14-1 Point of maximum overlap

Suppose that we wish to keep track of a point of maximum overlap in a set of intervals—a point with the largest number of intervals in the set that overlap it.

a. Show that there will always be a point of maximum overlap that is an endpoint of one of the segments.

b. Design a data structure that efficiently supports the operations $\text{INTERVAL-INSERT}$, $\text{INTERVAL-DELETE}$, and $\text{FIND-POM}$, which returns a point of maximum overlap. ($\textit{Hint:}$ Keep a red-black tree of all the endpoints. Associate a value of $+1$ with each left endpoint, and associate a value of $-1$ with each right endpoint. Augment each node of the tree with some extra information to maintain the point of maximum overlap.)

a. Assume for the purpose of contradiction that there is no point of maximum overlap in an endpoint of a segment. The maximum overlap point $p$ is in the interior of $m$ segments. Actually, $p$ is in the interior of the intersection of those $m$ segments. Now look at one of the endpoints $p'$ of the intersection of the $m$ segments. Point $p'$ has the same overlap as $p$ because it is in the same intersection of $m$ segments, and so $p'$ is also a point of maximum overlap. Moreover, $p'$ is in the endpoint of a segment (otherwise the intersection would not end there), which contradicts our assumption that there is no point of maximum overlap in an endpoint of a segment. Thus, there is always a point of maximum overlap which is an endpoint of one of the segments.

b. Keep a balanced binary search tree of the endpoints. That is, to insert an interval, we insert its endpoints separately. With each left endpoint $e$, associate a value $p(e) = +1$ (increasing the overlap by $1$). With each right endpoint $e$ associate a value $p(e) = -1$ (decreasing the overlap by $1$). When multiple endpoints have the same value, insert all the left endpoints with that value before inserting any of the right endpoints with that value.

Here's some intuition. Let $e_1, e_2, \ldots, e_n$ be the sorted sequence of endpoints corresponding to our intervals. Let $s(i, j)$ denote the sum $p(e_i) + p(e_{i + 1}) + \cdots + p(e_j)$ for $1 \le i \le j \le n$. We wish to find an $i$ maximizing $s(1, i)$.

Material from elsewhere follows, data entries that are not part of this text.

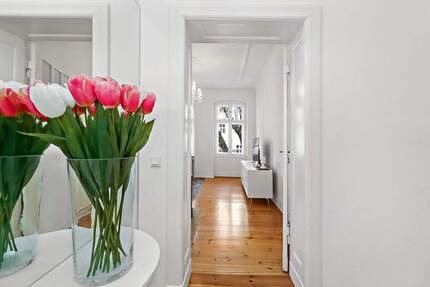 Urbaner Altbau-Charme in Tempelhof: bezugsfrei, hell, großzügig mit Balkon&wunderschönen Dielenboden - Berlin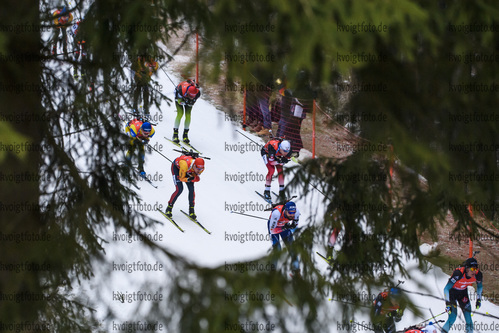 12.01.2019, xkvx, Biathlon IBU Weltcup Oberhof, Massenstart Herren, v.l. Philipp Horn (Germany) in aktion / in action competes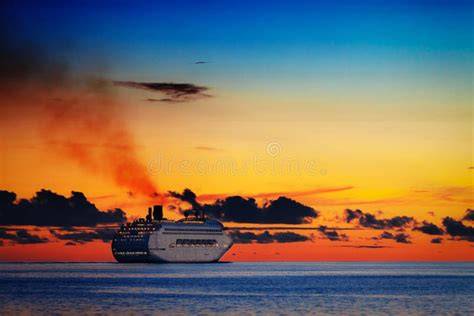 Immagine suggestiva di una nave all'orizzonte al tramonto.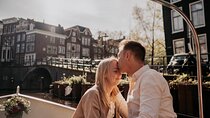 Private Romantic Canal Cruise Amsterdam with Bubbly and Snacks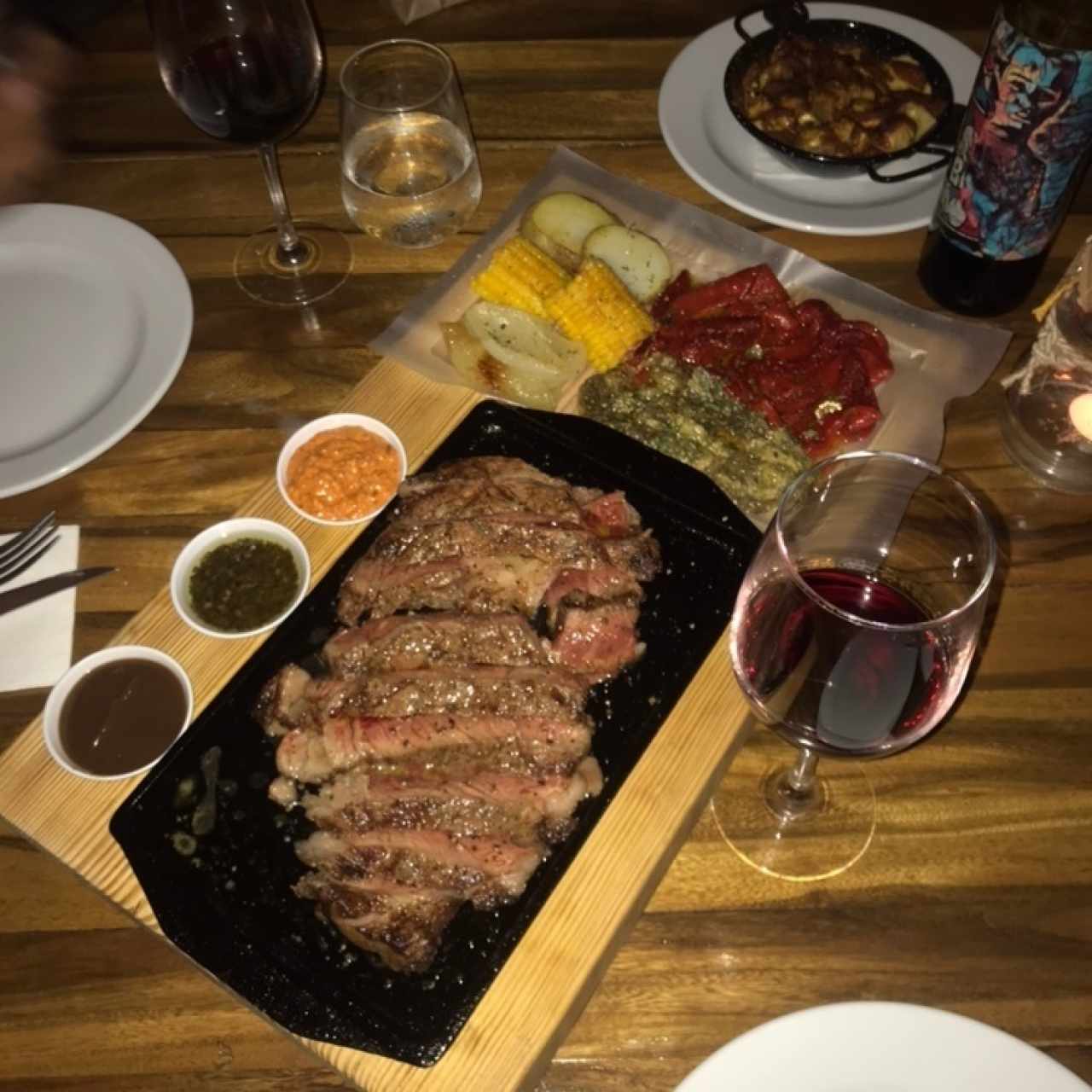 chuletón y papas bravas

For each node $x$ in the tree, let $l(x)$ and $r(x)$ be the indices in the sorted order of the leftmost and rightmost endpoints, respectively, in the subtree rooted at $x$. Then the subtree rooted at $x$ contains the endpoints $e_{l(x)}, e_{l(x) + 1}, \ldots, e_{r(x)}$.

Each node $x$ stores three new attributes. We store $x.v = s(l(x), r(x))$, the sum of the values of all nodes in the subtree rooted at $x$. We also store $x.m$, the maximum value obtained by the expression $s(l(x), i)$ for any $i$ in $\{l(x), l(x) + 1, \ldots, r(x)\}$. Finally, we store $x.o$ as the value of $i$ for which $x.m$ achieves its maximum. For the sentinel, we define $T.nil.v = T.nil.m = 0$.

We can compute these attributes in a bottom-up fashion to satisfy the requirements of Theorem 14.1:

$$x.v = x.left.v + p(x) + x.right.v,$$

$$ x.m = \max \begin{cases} x.left.m & \text{(max is in $x$'s left subtree)}, \\ x.left.v + p(x) & \text{(max is at $x$)}, \\ x.left.v + p(x) + x.right.m & \text{(max is in $x$'s right subtree)}. \end{cases} $$

Computing $x.v$ is straightforward. Computing $x.m$ bears further explanation. Recall that it is the maximum value of the sum of the $p$ values for the nodes in the subtree rooted at $x$, starting at the node for $e_{l(x)}$, which is the leftmost endpoint in $x$'s subtree, and ending at any node for $e_i$ in $x$'s subtree. The endpoint $e_i$ that maximizes this sum—let's call it $e_{i^*}$—corresponds to either a node in $x$'s left subtree, $x$ itself, or a node in $x$'s right subtree. If $e_{i^*}$ corresponds to a node in $x$'s left subtree, then $x.left.m$ represents a sum starting at the node for $e_{l(x)}$ and ending at a node in $x$'s left subtree, and hence $x.m = x.left.m$. If $e_i$ corresponds to $x$ itself, then $x.m$ represents the sum of all $p$ values in $x$'s left subtree, plus $p(x)$, so that $x.m = x.left.v + p(x)$. Finally, if $e_{i^*}$ corresponds to a node in $x$'s right subtree, then $x.m$ represents the sum of all $p$ values in $x$'s left subtree, plus $p(x)$, plus the sum of some subset of $p$ values in $x$'s right subtree. Moreover, the values taken from $x$'s right subtree must start from the leftmost endpoint stored in the right subtree. To maximize this sum, we need to maximize the sum from the right subtree, and that value is precisely $x.right.m$. Hence, in this case, $x.m = x.left.v + p(x) + x.right.m$.

Once we understand how to compute $x.m$, it is straightforward to compute $x.o$ from the information in $x$ and its two children. Thus, we can implement the operations as follows:

  • $\text{INTERVAL-INSERT}$: insert two nodes, one for each endpoint of the interval.
  • $\text{FIND-POM}$: return the interval whose endpoint is represented by $T.root.o$.

(Note that because we are building a binary search tree of all the endpoints and then determining $T.root.o$, we have no need to delete any nodes from the tree.)

Because of how we have defined the new attributes, Theorem 14.1 says that each operation runs in $O(\lg n)$ time. In fact, $\text{FIND-POM}$ takes only $O(1)$ time.